Give back the whole listing exactly as written, pictures excluded.

:: THE RECORDS ::

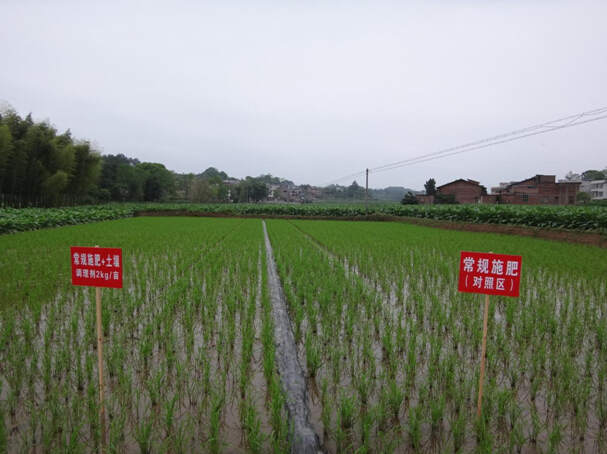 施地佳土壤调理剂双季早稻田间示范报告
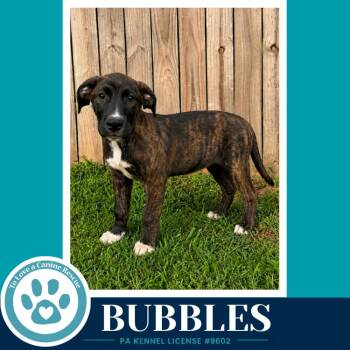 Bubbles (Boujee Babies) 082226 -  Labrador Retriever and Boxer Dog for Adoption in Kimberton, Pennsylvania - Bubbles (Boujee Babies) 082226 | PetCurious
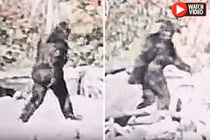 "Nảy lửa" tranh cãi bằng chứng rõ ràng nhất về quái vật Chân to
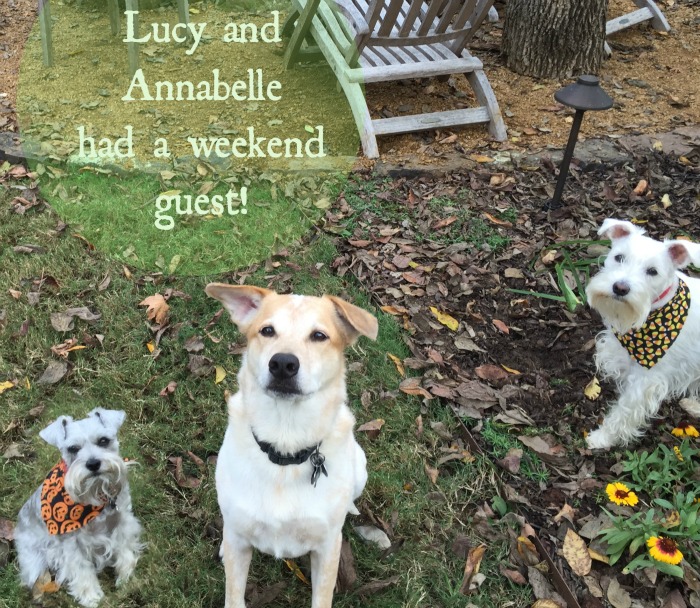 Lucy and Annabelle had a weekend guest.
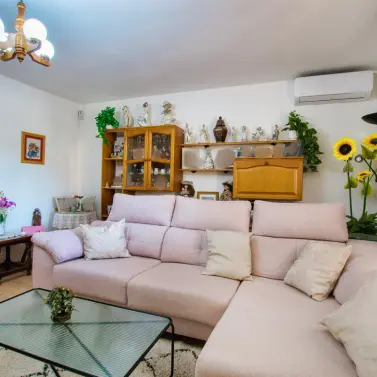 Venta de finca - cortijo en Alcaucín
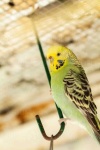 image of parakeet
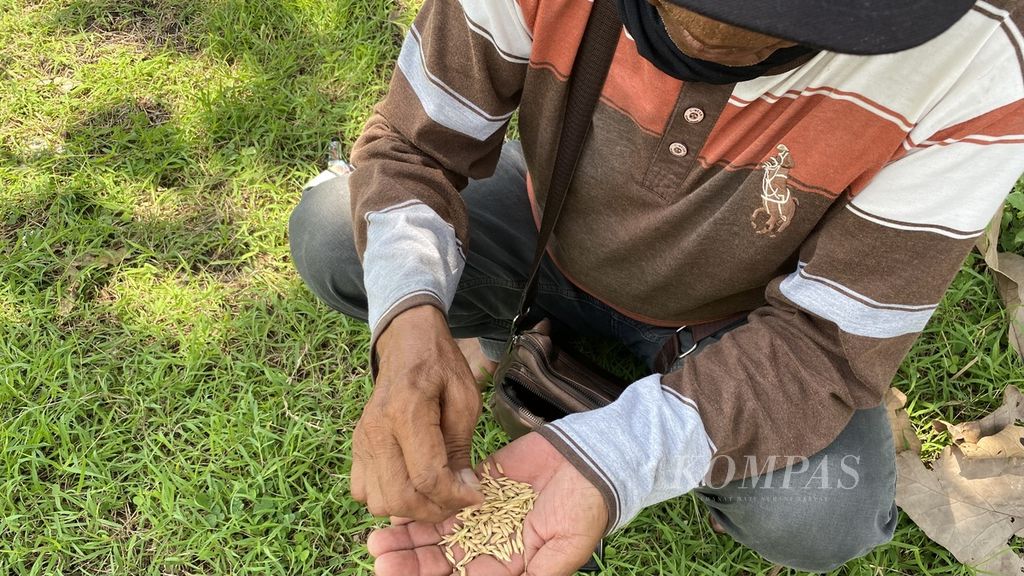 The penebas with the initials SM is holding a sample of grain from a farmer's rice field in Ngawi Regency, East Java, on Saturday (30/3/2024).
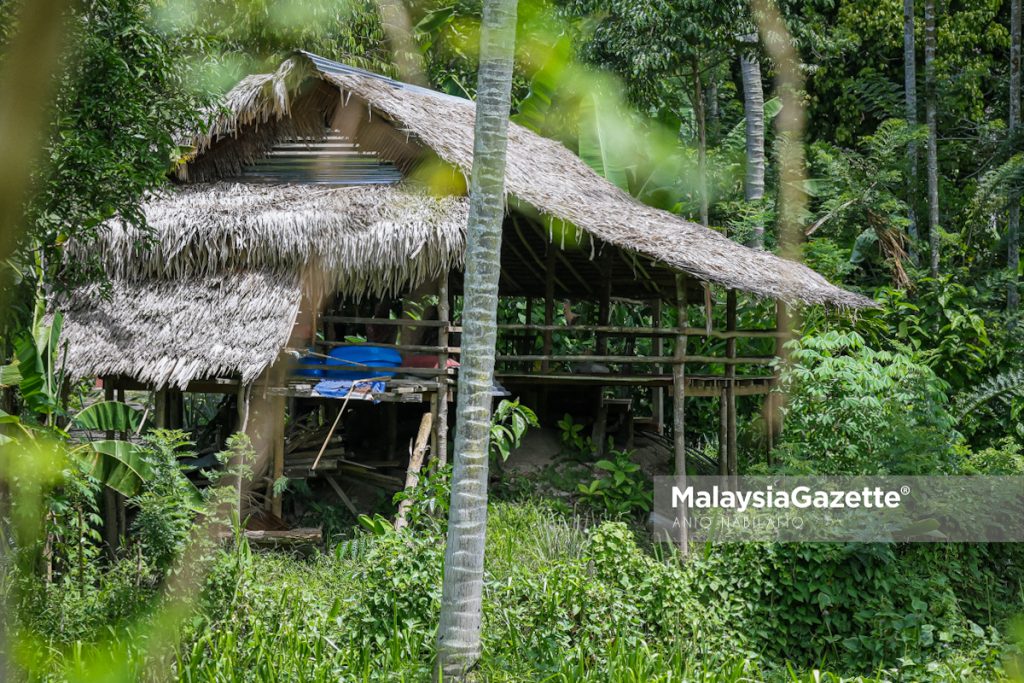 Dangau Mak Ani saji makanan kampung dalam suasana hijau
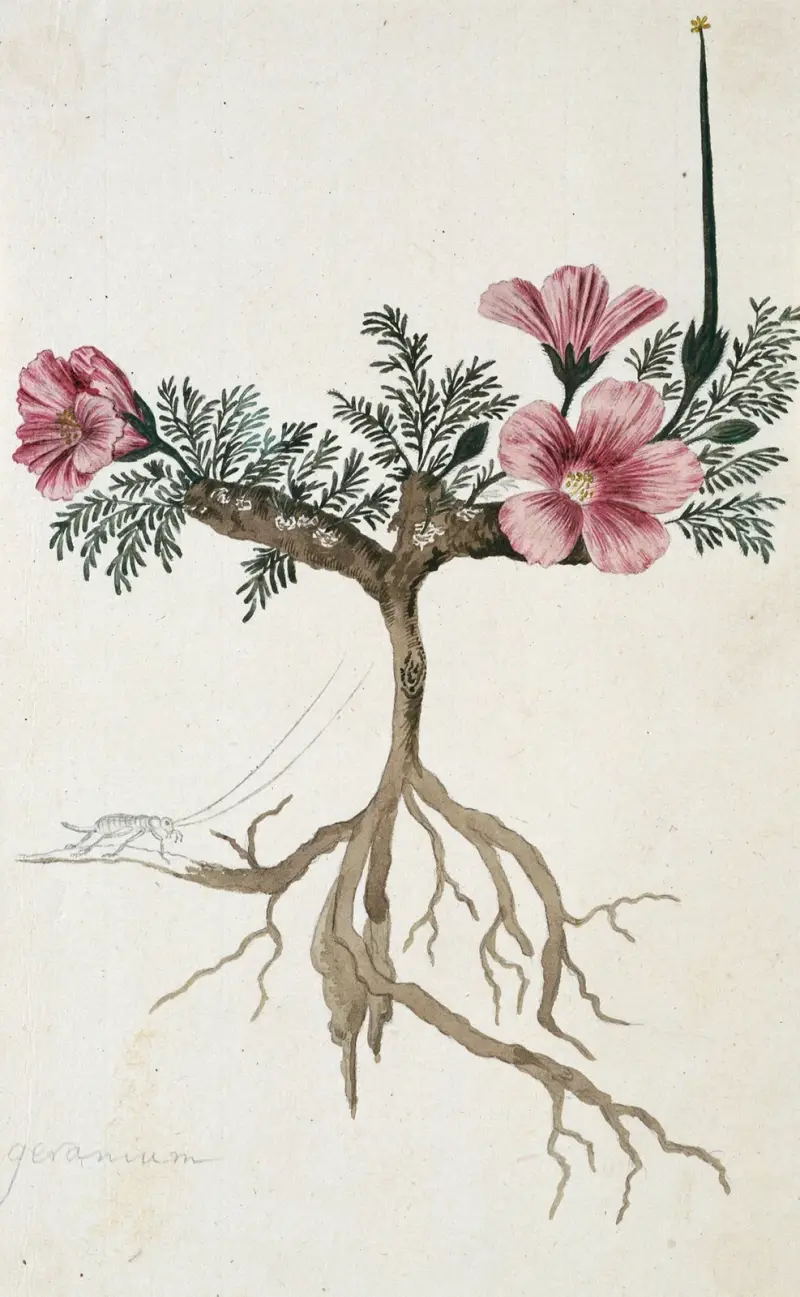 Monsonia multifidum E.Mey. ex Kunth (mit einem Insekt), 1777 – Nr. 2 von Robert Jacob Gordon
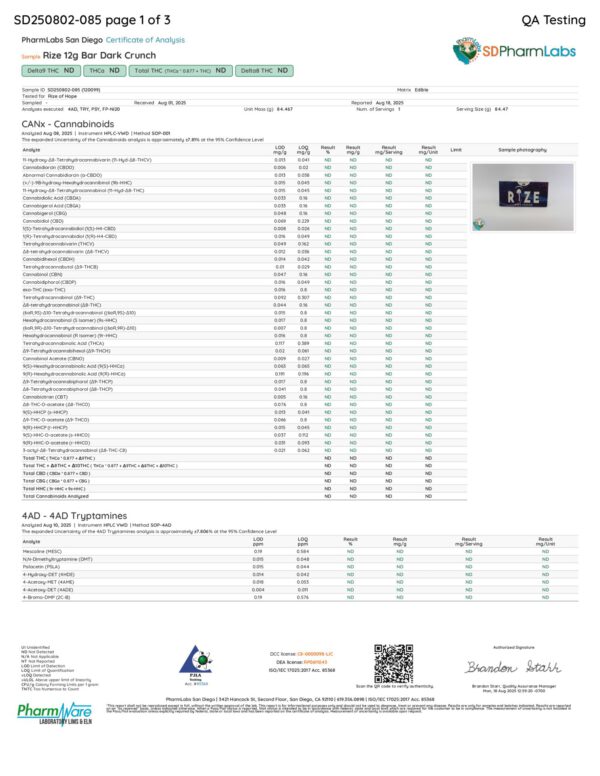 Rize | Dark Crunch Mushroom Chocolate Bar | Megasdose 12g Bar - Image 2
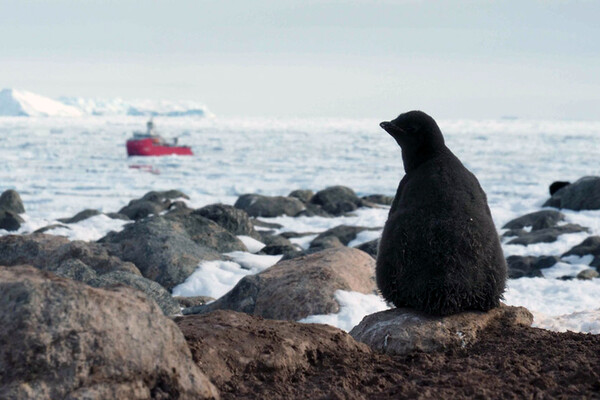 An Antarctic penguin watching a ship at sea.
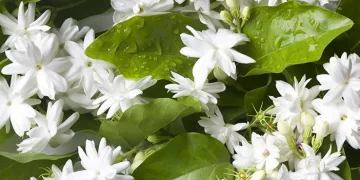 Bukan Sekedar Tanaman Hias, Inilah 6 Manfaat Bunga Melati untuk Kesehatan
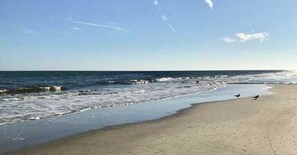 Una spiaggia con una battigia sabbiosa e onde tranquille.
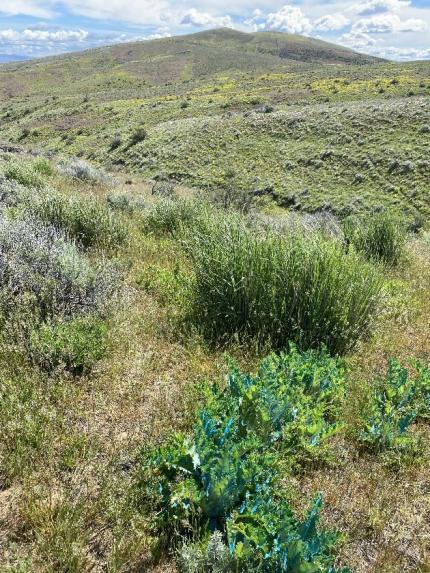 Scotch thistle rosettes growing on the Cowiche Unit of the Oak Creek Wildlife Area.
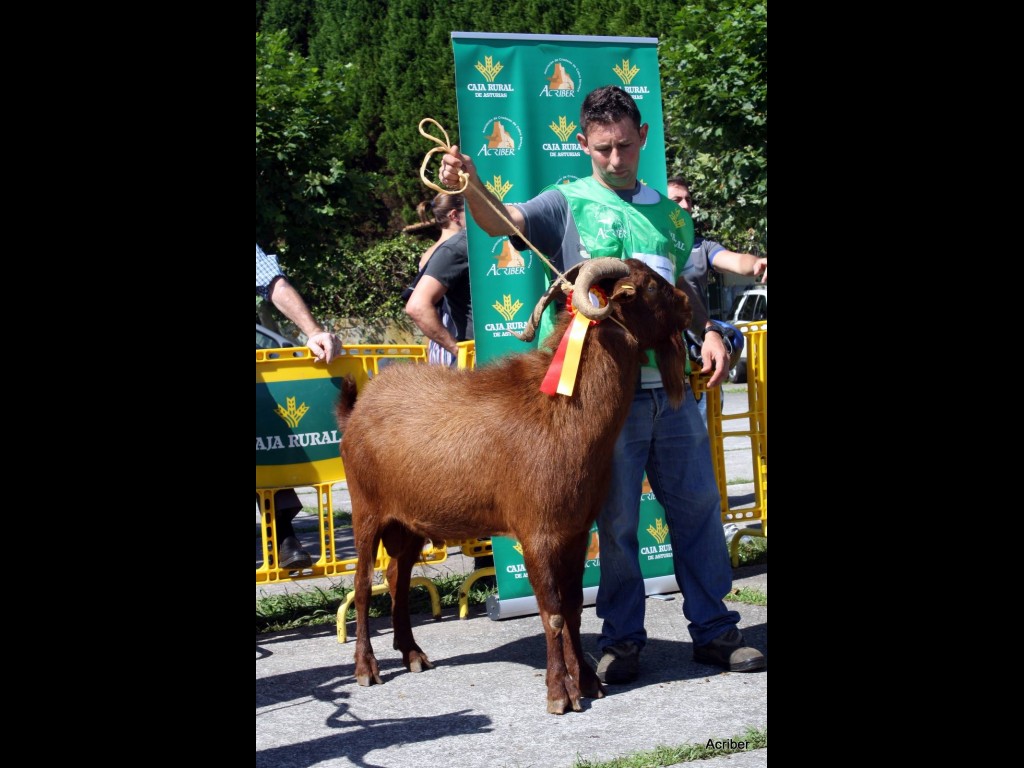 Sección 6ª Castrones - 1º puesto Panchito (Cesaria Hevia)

:::

*WRITTEN RESPONSE*
 施地佳土壤调理剂双季早稻田间示范报告
 Bubbles (Boujee Babies) 082226 -  Labrador Retriever and Boxer Dog for Adoption in Kimberton, Pennsylvania - Bubbles (Boujee Babies) 082226 | PetCurious
 "Nảy lửa" tranh cãi bằng chứng rõ ràng nhất về quái vật Chân to
 Lucy and Annabelle had a weekend guest.
 Venta de finca - cortijo en Alcaucín
 image of parakeet
 The penebas with the initials SM is holding a sample of grain from a farmer's rice field in Ngawi Regency, East Java, on Saturday (30/3/2024).
 Dangau Mak Ani saji makanan kampung dalam suasana hijau
 Monsonia multifidum E.Mey. ex Kunth (mit einem Insekt), 1777 – Nr. 2 von Robert Jacob Gordon
 Rize | Dark Crunch Mushroom Chocolate Bar | Megasdose 12g Bar - Image 2
 An Antarctic penguin watching a ship at sea.
 Bukan Sekedar Tanaman Hias, Inilah 6 Manfaat Bunga Melati untuk Kesehatan
 Una spiaggia con una battigia sabbiosa e onde tranquille.
 Scotch thistle rosettes growing on the Cowiche Unit of the Oak Creek Wildlife Area.
 Sección 6ª Castrones - 1º puesto Panchito (Cesaria Hevia)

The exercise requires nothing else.